Data section start

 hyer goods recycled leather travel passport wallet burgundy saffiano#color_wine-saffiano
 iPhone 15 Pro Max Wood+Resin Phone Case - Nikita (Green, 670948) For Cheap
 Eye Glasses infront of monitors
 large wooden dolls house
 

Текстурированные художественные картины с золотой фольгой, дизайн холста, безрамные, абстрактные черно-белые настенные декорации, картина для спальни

Data section end
Data section start

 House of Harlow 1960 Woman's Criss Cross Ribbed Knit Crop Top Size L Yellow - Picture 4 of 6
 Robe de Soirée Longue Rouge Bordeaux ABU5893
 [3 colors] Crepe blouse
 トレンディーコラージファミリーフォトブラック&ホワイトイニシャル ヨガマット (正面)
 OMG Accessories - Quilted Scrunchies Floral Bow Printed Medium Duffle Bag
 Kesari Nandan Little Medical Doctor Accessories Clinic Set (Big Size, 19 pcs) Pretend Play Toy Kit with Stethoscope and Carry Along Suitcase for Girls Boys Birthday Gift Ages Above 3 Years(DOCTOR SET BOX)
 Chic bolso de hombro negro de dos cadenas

Data section end
Data section start

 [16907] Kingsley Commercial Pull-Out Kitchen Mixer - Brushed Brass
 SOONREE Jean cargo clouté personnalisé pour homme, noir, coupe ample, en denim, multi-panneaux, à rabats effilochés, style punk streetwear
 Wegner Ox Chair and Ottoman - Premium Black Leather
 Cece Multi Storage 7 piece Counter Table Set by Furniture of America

Data section end

Exercise objective:
Return, word for word, the lines of the data above from the line with "[16907] Kingsley Commercial" through the line with "Cece Multi Storage", inclusive.

Response below:
 [16907] Kingsley Commercial Pull-Out Kitchen Mixer - Brushed Brass
 SOONREE Jean cargo clouté personnalisé pour homme, noir, coupe ample, en denim, multi-panneaux, à rabats effilochés, style punk streetwear
 Wegner Ox Chair and Ottoman - Premium Black Leather
 Cece Multi Storage 7 piece Counter Table Set by Furniture of America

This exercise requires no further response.